[Try it]: Apart from the images, the records below need to be copied exactly.

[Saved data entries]
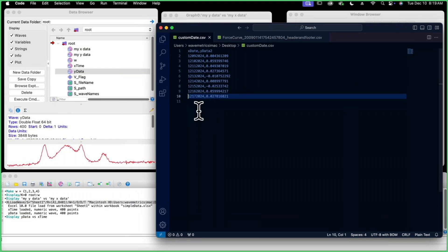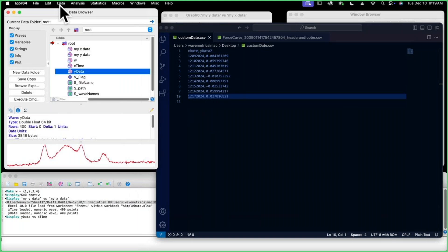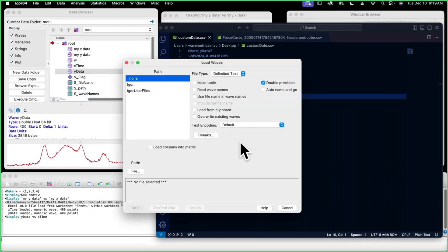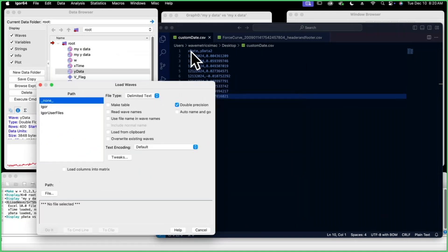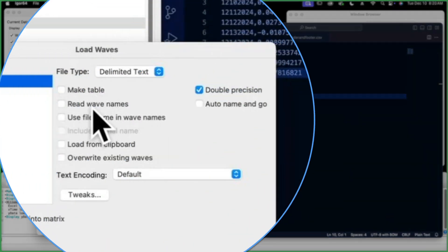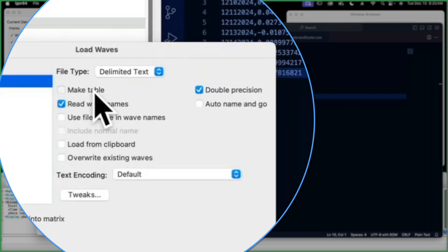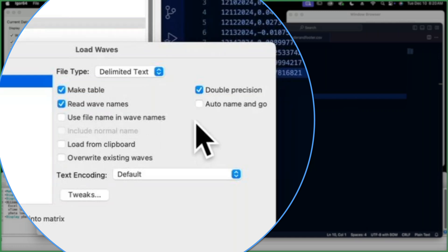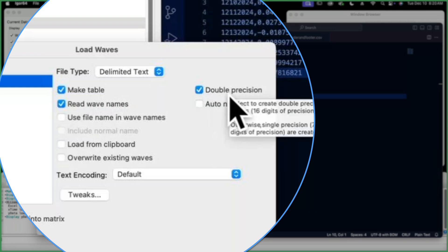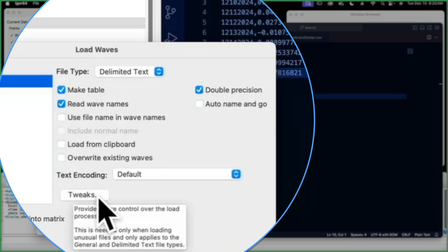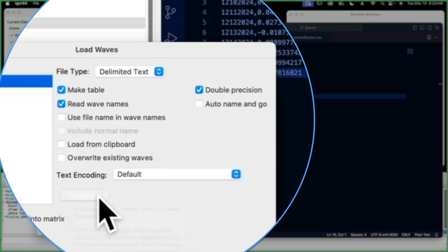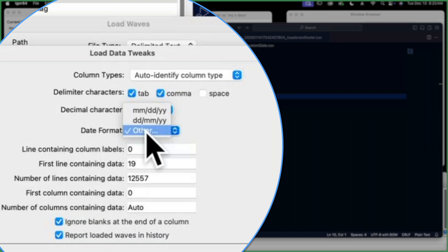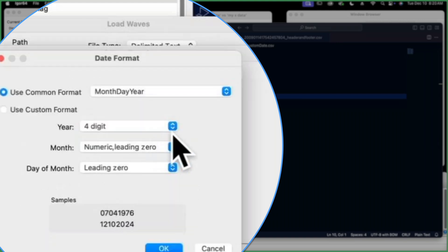So to import custom dates, we're going to go to data, load waves. We're going to go to the load waves, this first one. This is the full dialog for all types of waves. This data here does have names, so I'm going to say read wave names. I'm also going to have it make a table because when I load waves, I like to see the table right when it's imported, just to show what it's imported, what the data looks like to make sure everything imported as I expected. I'm going to keep double precision checked, and I'm going to go to this tweaks button.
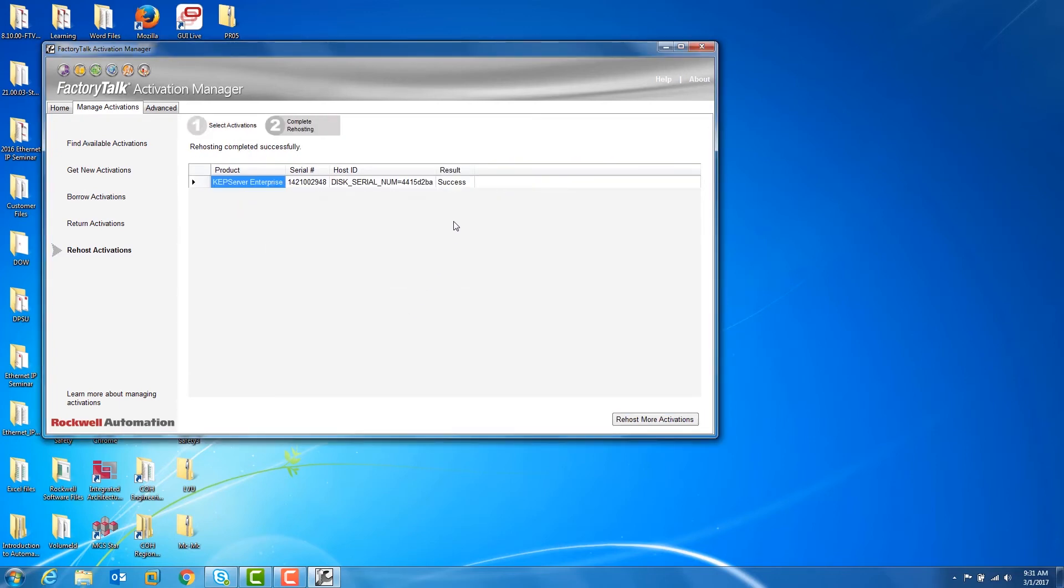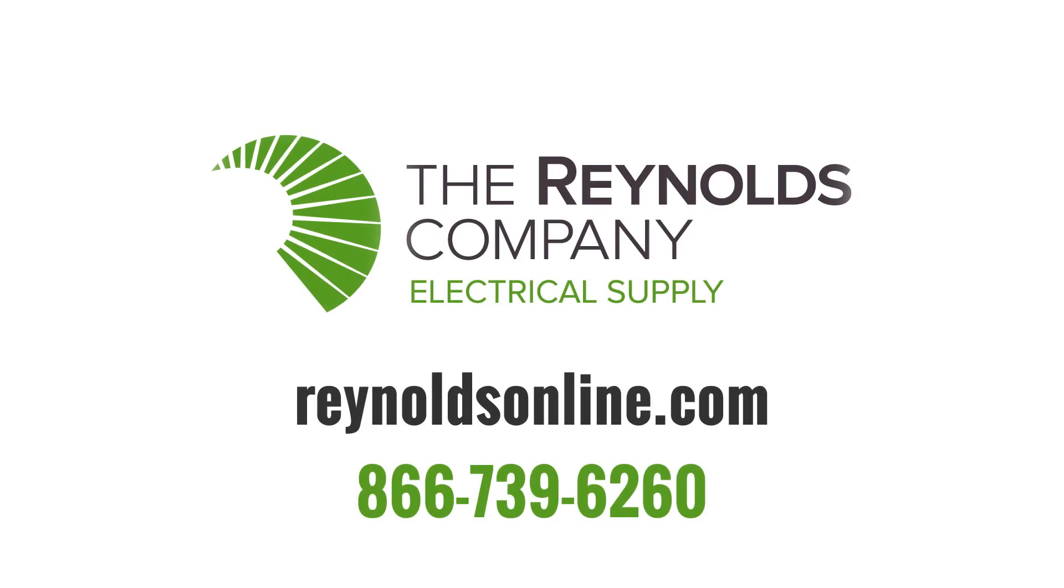A confirmation screen will appear, including the success of the re-host of the license. Thanks for watching. For more information, give us a call or visit our website.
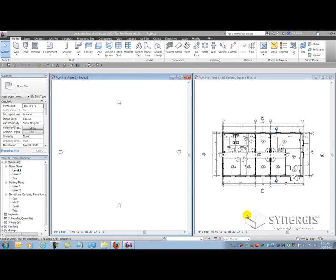In Revit you might find yourself using old AutoCAD details to create typical details for Revit. We're going to look at a way to migrate details from CAD so that we don't get any unnecessary information from the old AutoCAD environment.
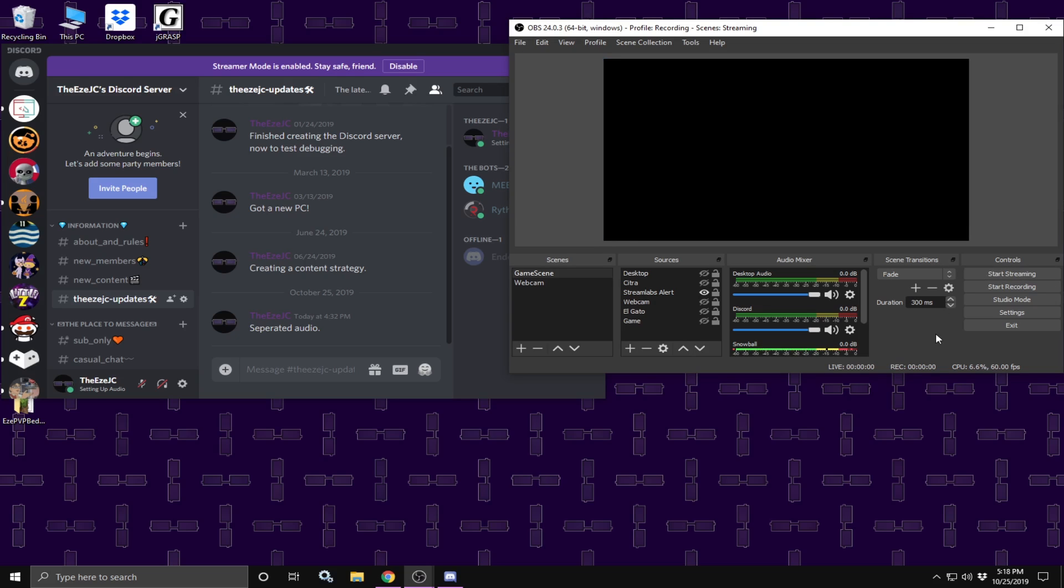So now, whenever you record or live stream, you have free will of controlling your Discord and your game audio. Alright, so I hope you guys enjoyed this video and if you did, please share it and subscribe and I will see you all in the next one. Bye bye.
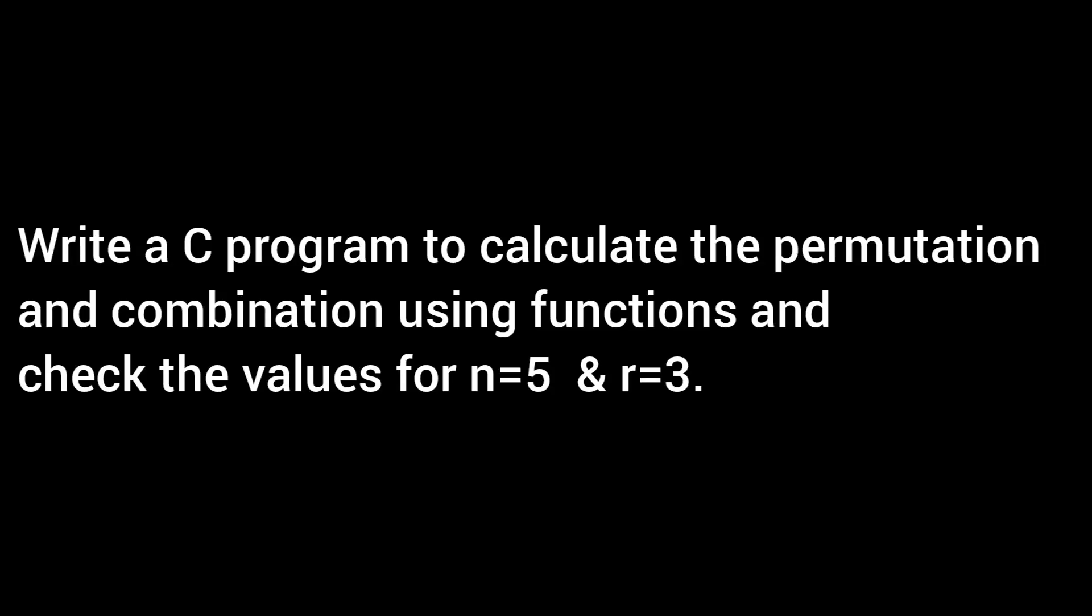Good morning friends, I am Manup. Today we are going to demonstrate a C program written on operating calculation for permutation and combination.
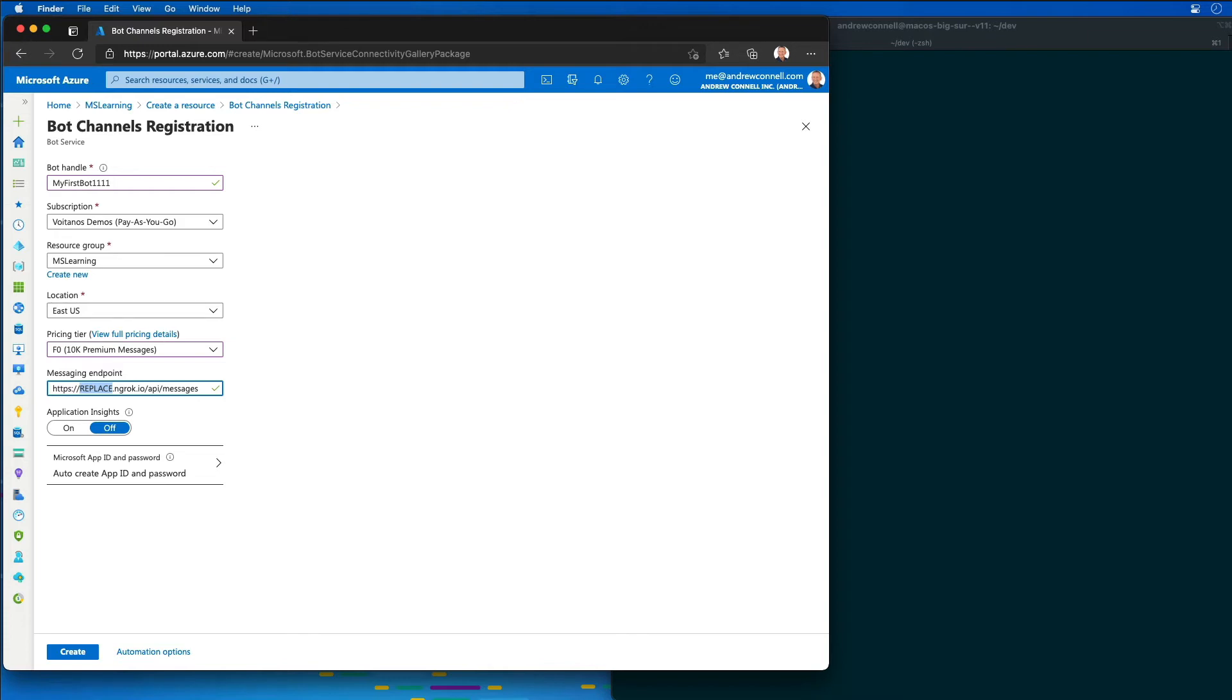Just know that every time you restart ngrok and you get a new subdomain, if you're using the free version of the tool, you're going to need to come back into your bot registration and update that messaging endpoint each time you restart it and redeploy the app, because that's the URL where it's going to be looking for your service.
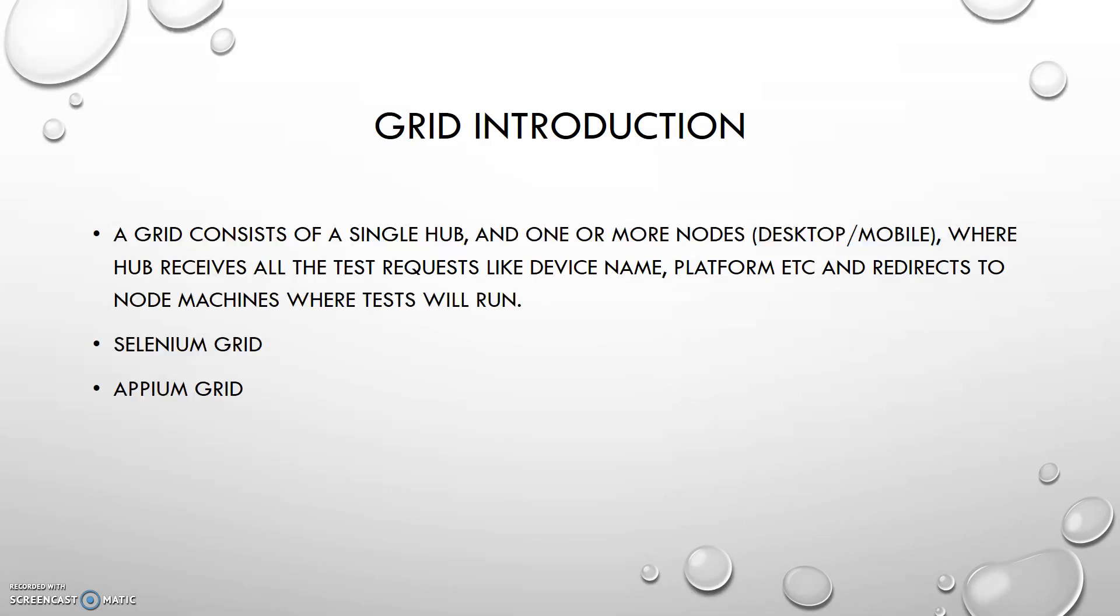A grid consists of a single hub and one or more nodes, desktop and mobile, where hub receives all the requests like device name, platform, etc., and redirects it to node machines where tests will run. As I already told you, on nodes we will run our tests, and on hub we just create our setup and all the nodes redirect to hub. We make a communication between hub and nodes.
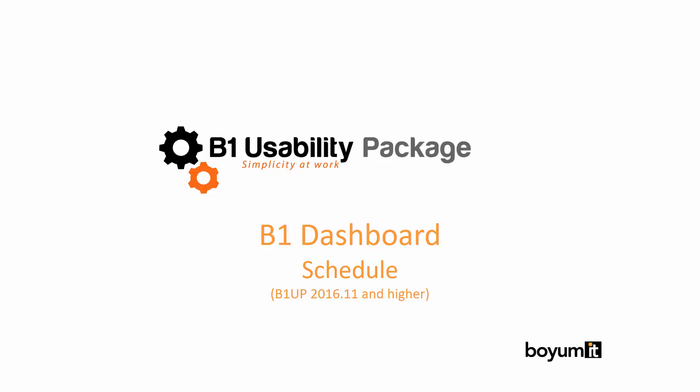Hi, and welcome to this B1 usability package eLearning session. On B1 dashboards, we will look into the new schedule functionality.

[Answer box]:
So to import custom dates, we're going to go to data, load waves. We're going to go to the load waves, this first one. This is the full dialog for all types of waves. This data here does have names, so I'm going to say read wave names. I'm also going to have it make a table because when I load waves, I like to see the table right when it's imported, just to show what it's imported, what the data looks like to make sure everything imported as I expected. I'm going to keep double precision checked, and I'm going to go to this tweaks button.
A confirmation screen will appear, including the success of the re-host of the license. Thanks for watching. For more information, give us a call or visit our website.
In Revit you might find yourself using old AutoCAD details to create typical details for Revit. We're going to look at a way to migrate details from CAD so that we don't get any unnecessary information from the old AutoCAD environment.
So now, whenever you record or live stream, you have free will of controlling your Discord and your game audio. Alright, so I hope you guys enjoyed this video and if you did, please share it and subscribe and I will see you all in the next one. Bye bye.
Good morning friends, I am Manup. Today we are going to demonstrate a C program written on operating calculation for permutation and combination.
Just know that every time you restart ngrok and you get a new subdomain, if you're using the free version of the tool, you're going to need to come back into your bot registration and update that messaging endpoint each time you restart it and redeploy the app, because that's the URL where it's going to be looking for your service.
A grid consists of a single hub and one or more nodes, desktop and mobile, where hub receives all the requests like device name, platform, etc., and redirects it to node machines where tests will run. As I already told you, on nodes we will run our tests, and on hub we just create our setup and all the nodes redirect to hub. We make a communication between hub and nodes.
Hi, and welcome to this B1 usability package eLearning session. On B1 dashboards, we will look into the new schedule functionality.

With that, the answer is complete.